---- Input for this task

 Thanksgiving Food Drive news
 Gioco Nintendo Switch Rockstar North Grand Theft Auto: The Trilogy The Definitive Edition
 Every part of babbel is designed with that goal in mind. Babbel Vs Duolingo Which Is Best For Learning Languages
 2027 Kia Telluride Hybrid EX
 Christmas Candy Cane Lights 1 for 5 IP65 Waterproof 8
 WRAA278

--------
---- Input for this task

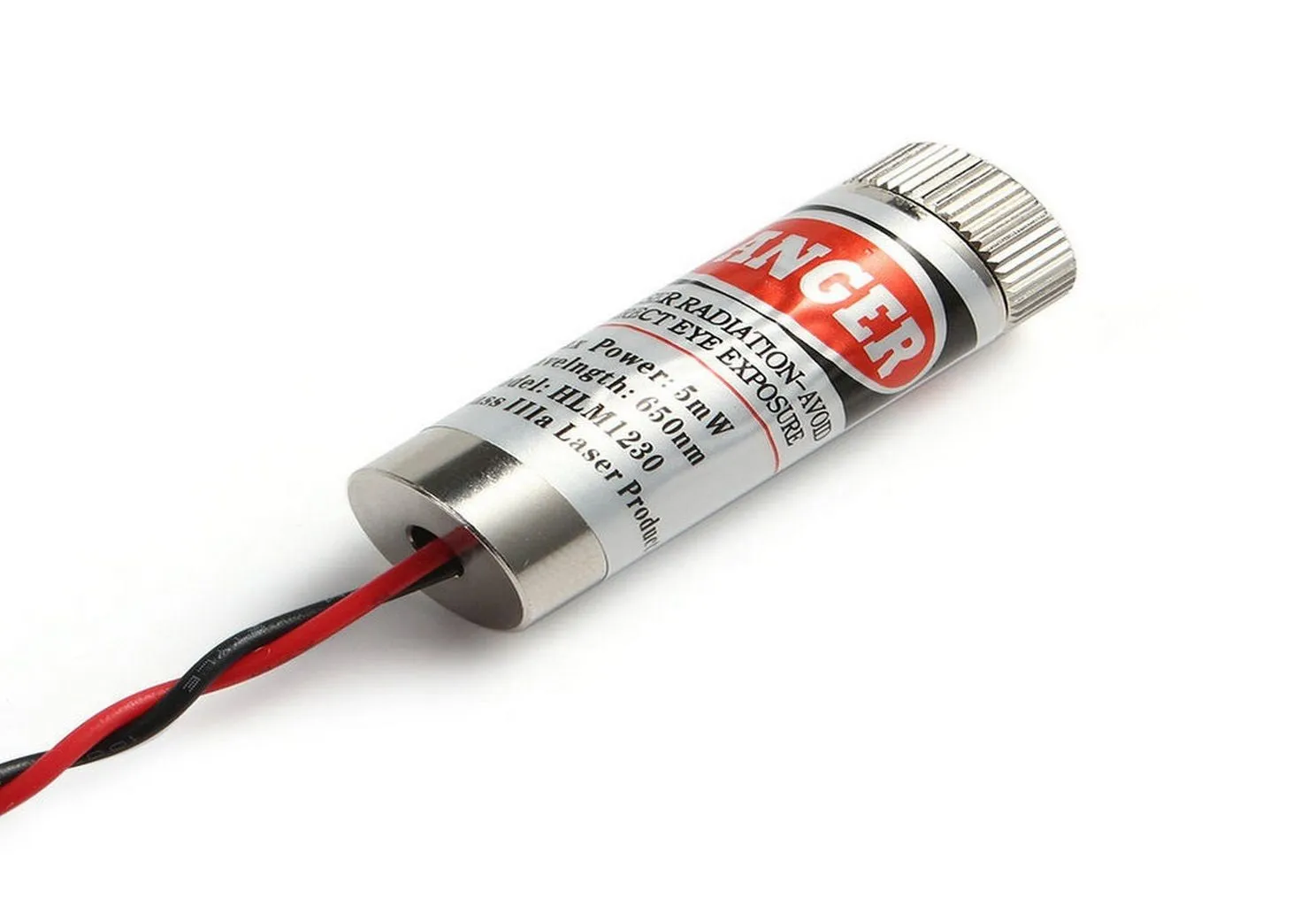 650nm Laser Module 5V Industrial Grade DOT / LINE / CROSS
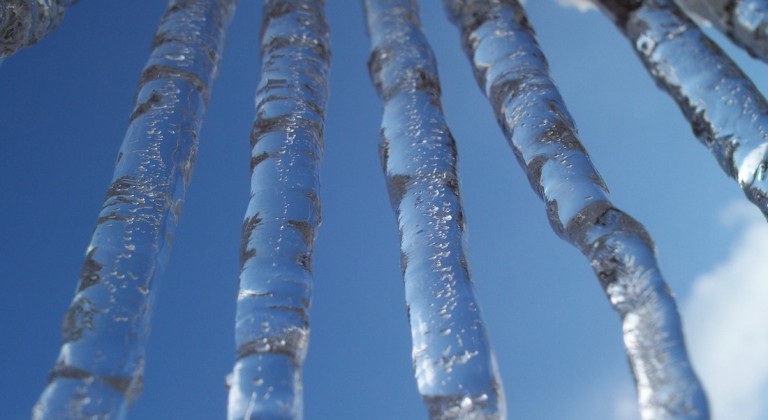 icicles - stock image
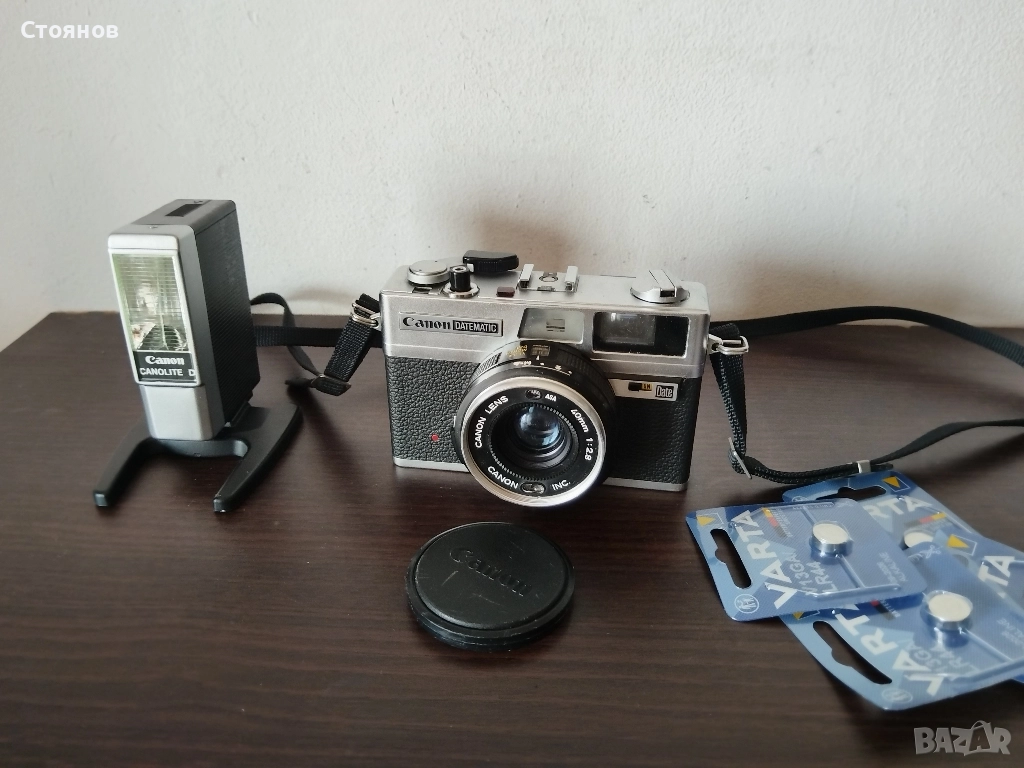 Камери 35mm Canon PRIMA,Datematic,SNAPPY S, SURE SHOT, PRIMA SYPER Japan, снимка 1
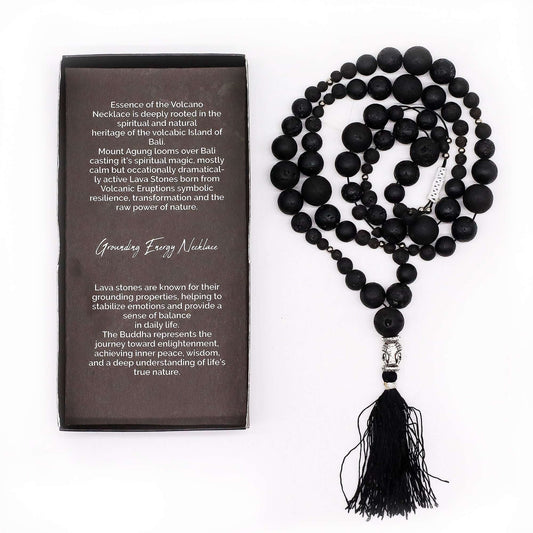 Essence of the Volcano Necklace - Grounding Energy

--------
---- Input for this task

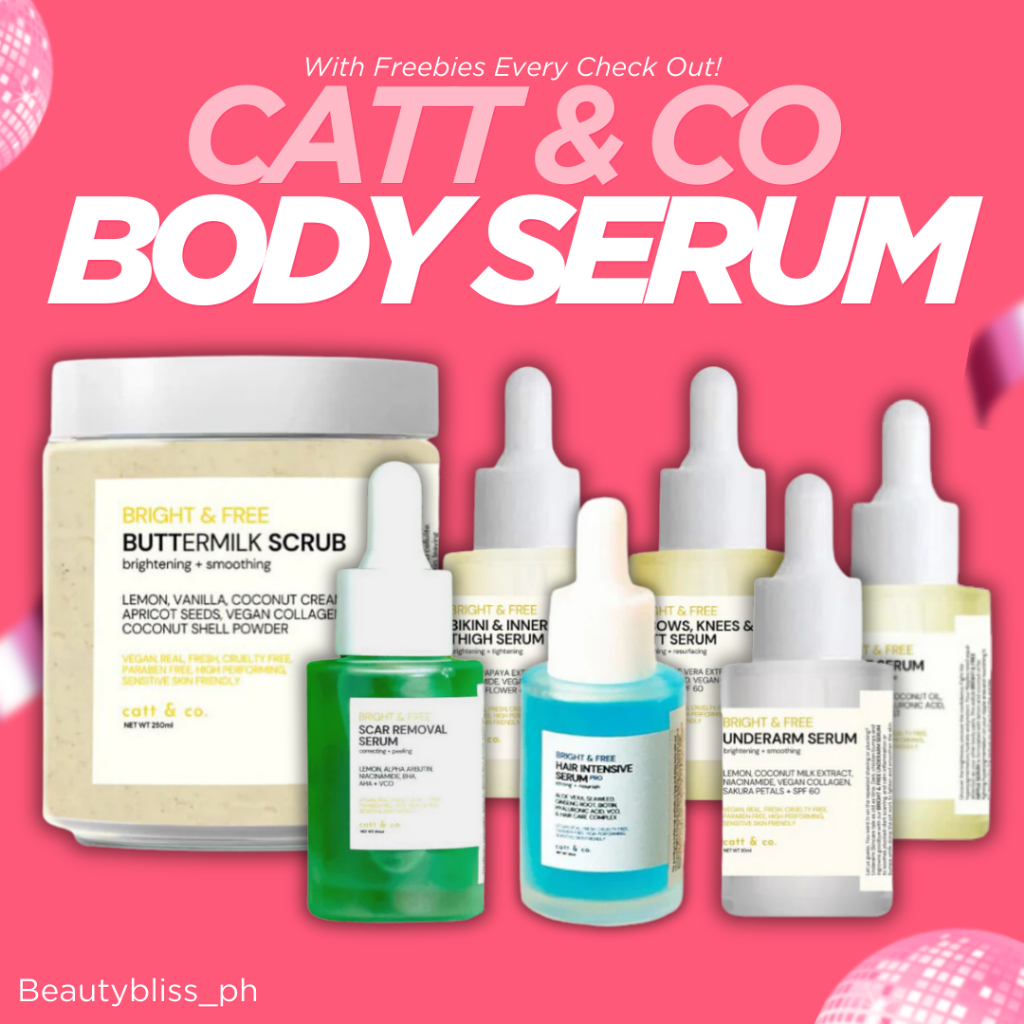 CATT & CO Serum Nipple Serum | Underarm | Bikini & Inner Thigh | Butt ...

--------

**Task instructions**
Each line above starting at the one holding "Камери 35mm Canon" and ending at the one holding "Essence of the" should be set down exactly as it stands, both ends included, with no pictures.

**Answer box**
 Камери 35mm Canon PRIMA,Datematic,SNAPPY S, SURE SHOT, PRIMA SYPER Japan, снимка 1
 Essence of the Volcano Necklace - Grounding Energy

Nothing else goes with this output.